Multi-scale modeling of hydrogen isotope diffusion in graphite

The importance of plasma-wall interaction processes for the edge plasma is well known: creation of impurities by different sputtering mechanisms or recycling properties of the walls are examples of processes determining the divertor characteristics and the edge plasma profiles. To be able to have a better understanding of the plasma-wall interaction process itself, a multi-scale procedure is followed: molecular dynamics calculations resolve the microscopic length scale and deliver quite precise input data for kinetic Monte Carlo calculations (jump frequencies, migration energies, jump step-sizes) used for meso-scale up to the macroscopic system length. To cover the whole length scale involved - from microscopic up to macroscopic - several subsequent levels of kinetic Monte Carlo are needed, each providing the necessary input data for the next level.

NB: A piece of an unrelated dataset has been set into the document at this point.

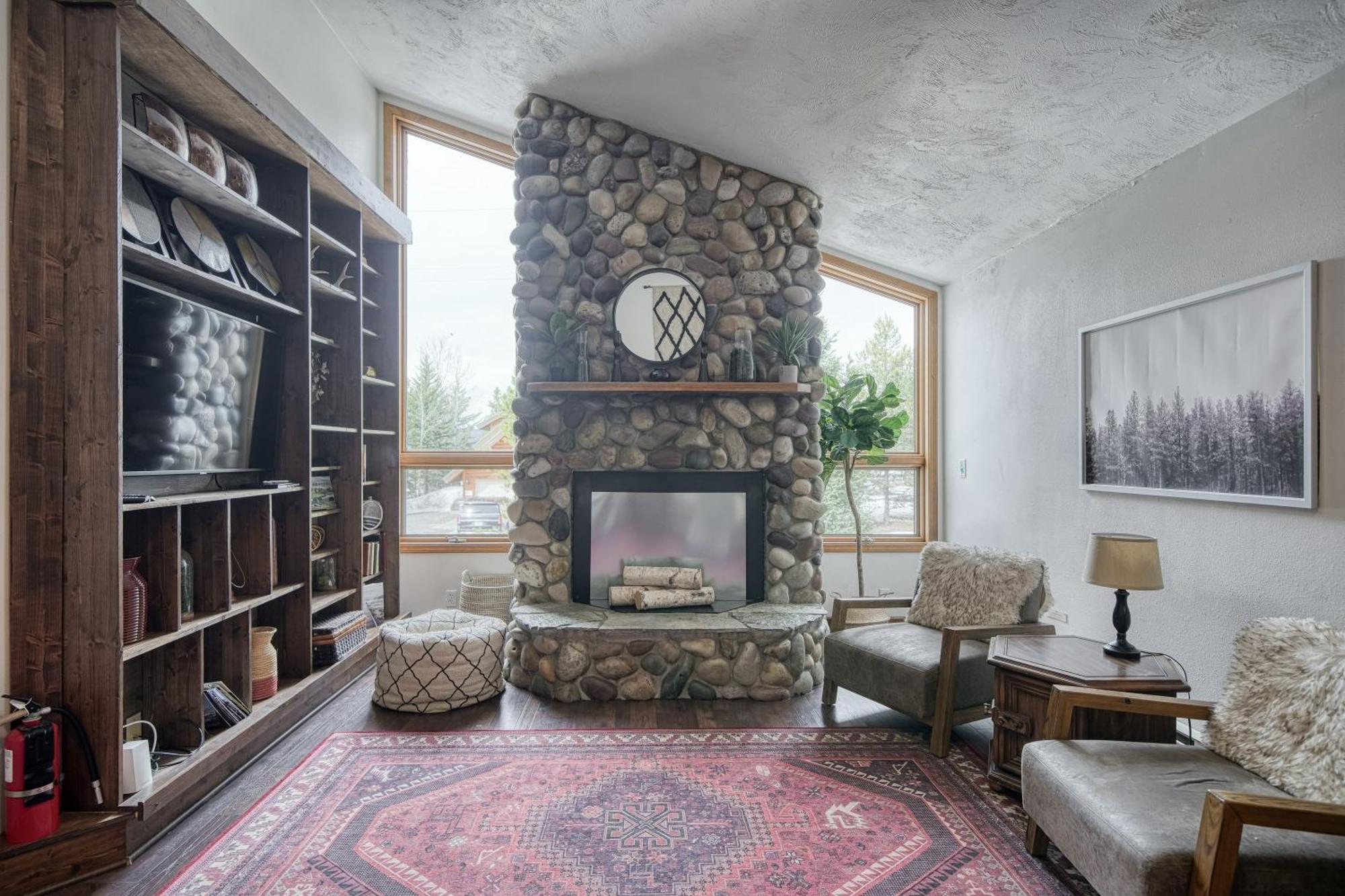 Wapiti View 6-Bedroom Cabin 28Mins To Yellowstone ไอส์แลนด์พาร์ก ภายนอก รูปภาพ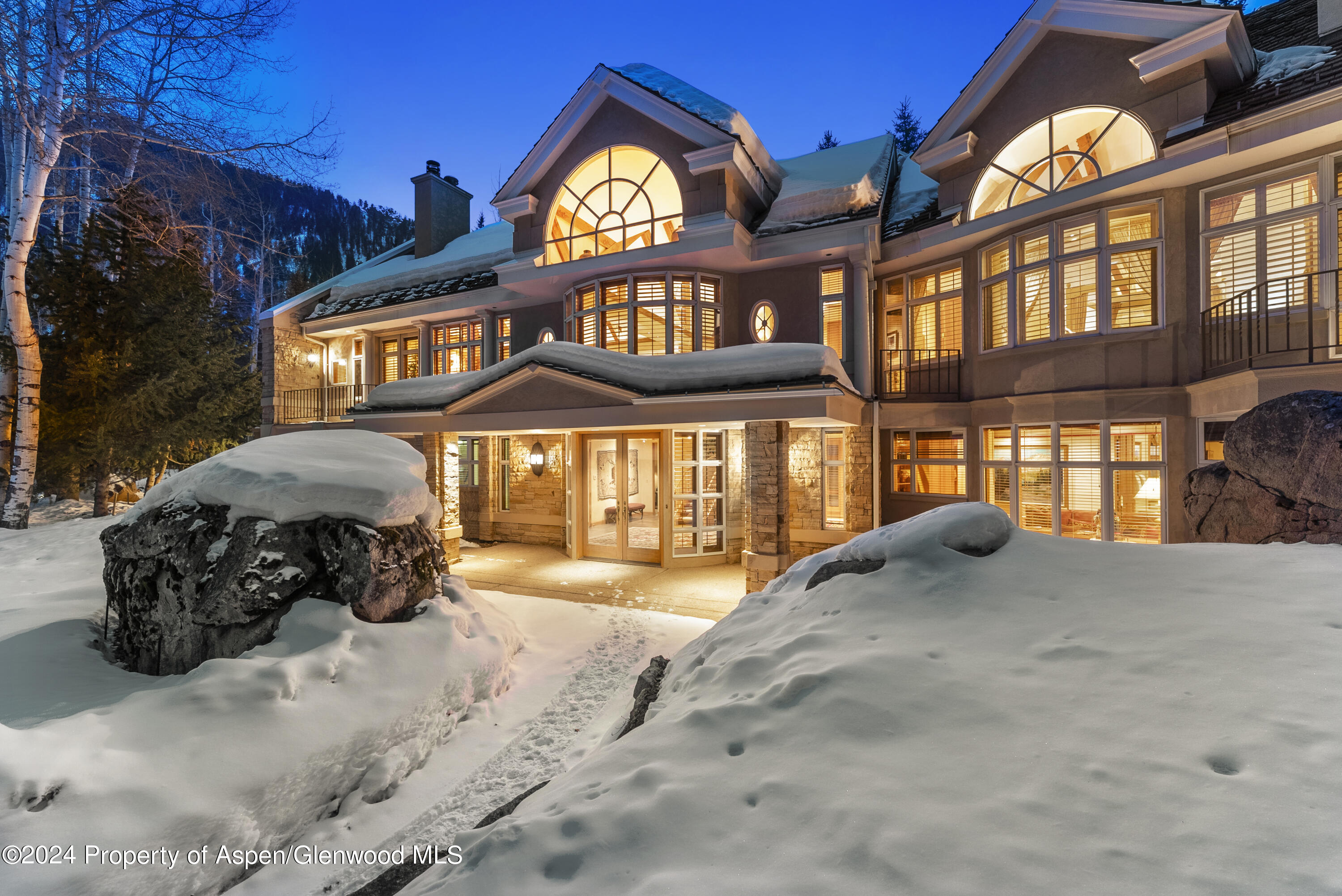 1403 Crystal Lake Road Aspen, CO 81611 - Photo 7 of 39 DSC07527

With this procedure the corresponding time scales spanning from picoseconds atomic interaction times to wall equilibration times of at least milliseconds will be spanned. Inclusion of a realistic structure model is also important, like for porous graphite where the void structure and orientation of the microcrystallites have to be included. First results of such a multi-scale calculation are presented studying the diffusion of hydrogen isotopes in porous graphite and are compared with experimental results from the literature. (C) 2004 WILEY-VCH Verlag GmbH & Co. KGaA. Wenheim.